Print each line exactly, from the one with "Real Carbon Fiber" to the very last line of the listing, and keep the pictures out.

Source data:
····················

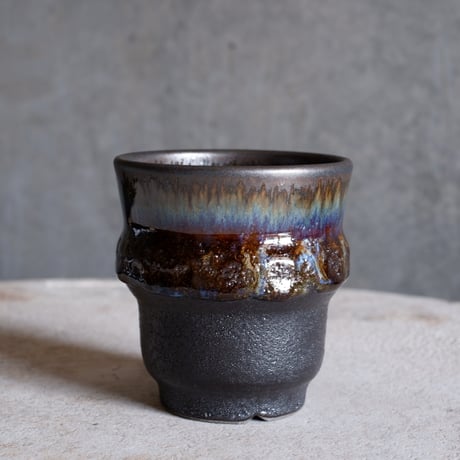 Φ8.3×h9㎝ coral verdigris pot  H674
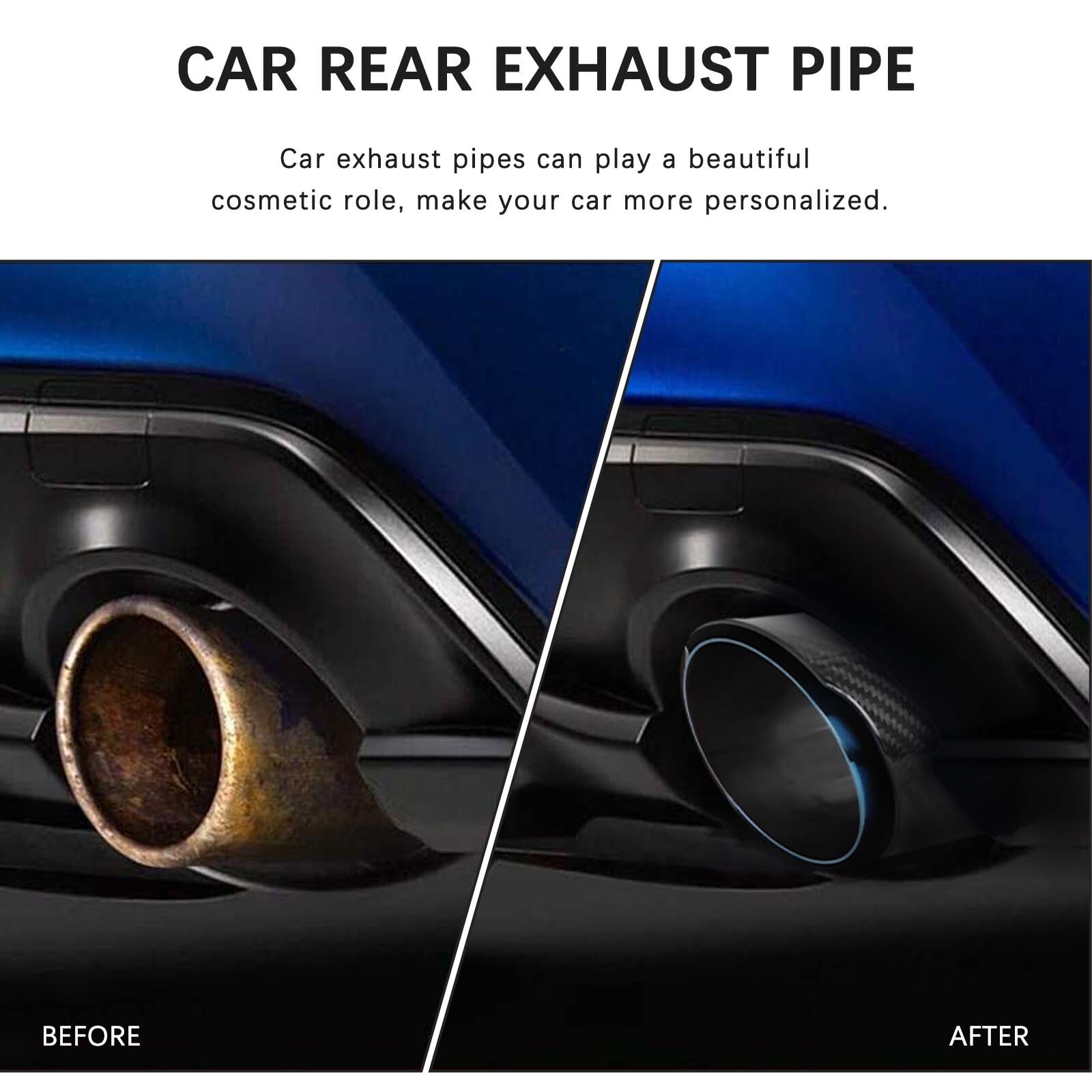 Real Carbon Fiber Exhaust Tip 2.5″In 3.5″ Out Stainless Steel For Toyota Corolla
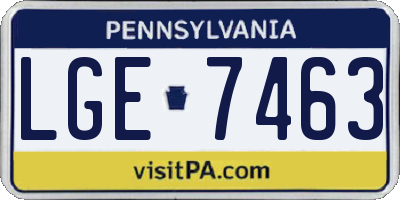 PA license plate LGE7463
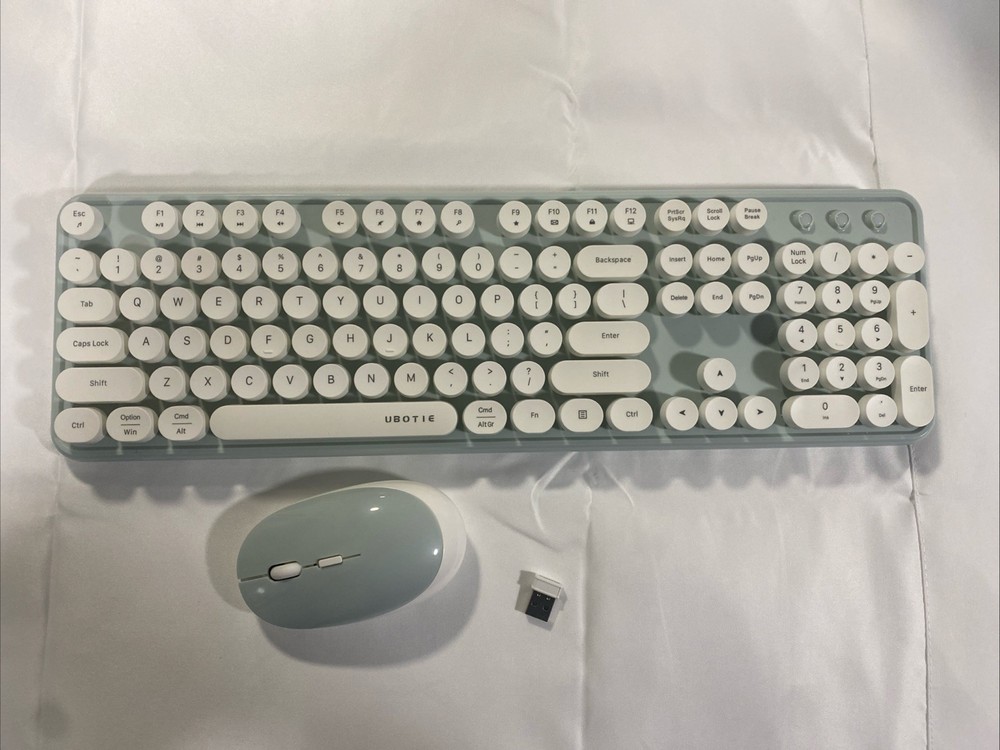 UBOTIE Colorful Computer Wireless Keyboards Mouse Combo, Typewriter Flexible Key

····················

Response area:
 Real Carbon Fiber Exhaust Tip 2.5″In 3.5″ Out Stainless Steel For Toyota Corolla
 PA license plate LGE7463
 UBOTIE Colorful Computer Wireless Keyboards Mouse Combo, Typewriter Flexible Key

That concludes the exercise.